Из проходной выходит человек и громко зевает.

– Скажите, пожалуйста, – спрашивает Станда дрожащим голосом, – команда Андреса еще тут?

– Команда Андреса? – удивленно переспросил человек. – Они давно ушли. Там никого нет.

– Как так никого, – стучит зубами Станда, – разве в восемнадцатом штреке работы больше не ведутся?

– А, в восемнадцатом, – равнодушно буркнул человек. – Да у них там все обрушилось. Пришлось прекратить работы, и больше там ничего не делают.

Станда затрясся в ознобе.

– Скажите, пожалуйста, – заикается он, выбивая дробь зубами, – пожалуйста… все ли вернулись?.. Из первой команды там никто не остался?

– Один, кажись, – мямлит человек. – Меня тут не было, я только с восьми.

– Кто… кто там остался?

– Сейчас, – сказал человек и поплелся в проходную.

Станда стоит ошеломленный, не в силах ничего понять. Один… остался там… Сторож вышел из проходной.

– Не сдан номер сто девяносто два, – говорит он равнодушно. – Но кто это, я не знаю. Справьтесь утром.

И, заложив руки за спину, он побрел в глубь черного двора.

XXVIII

«Спрошу у Пепека или Суханека, – решил Станда и бросился было бежать. – А что, если там остался как раз Пепек… или Суханек!» И Станда остановился как вкопанный. Ни за что на свете не хотел бы он сейчас говорить с плачущей Аныжкой или с зареванной неряхой Анчкой. «Этого я не вынесу, – трусливо думает он, – только не это!» Пойти спросить у Мартинека, у Адама, у Андреса… но ведь остаться в шахте мог любой из них!

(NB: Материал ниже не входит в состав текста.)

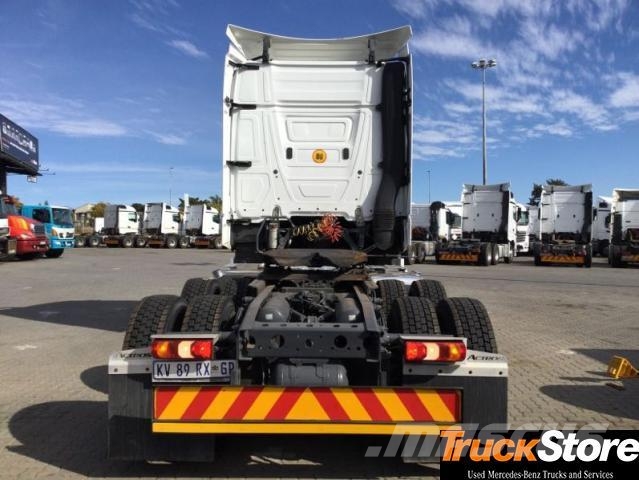 Fuso Actros ACTROS 2645LS/33 STD Ťahače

Станда кусает губы, чувствуя, что ослабел от волнения и страха. Наверное, Малек знает, приходит ему в голову, или он хотя бы посоветует, где можно узнать. И Станда рысью кинулся к трактиру Малека.

Слава богу, там сидит Пепек, подперев щеку ладонью, – за тем самым столом, где собиралась в первый раз вся команда. Станда облегченно вздохнул.

– Хорошо, что ты пришел, – пробормотал Пепек. – Я так и знал, что кто-нибудь придет.

– Кто… кто? – отрывисто спрашивает Станда.

– Да Адам, конечно, – хмурится Пепек и дергает головой, точно его душит ворот.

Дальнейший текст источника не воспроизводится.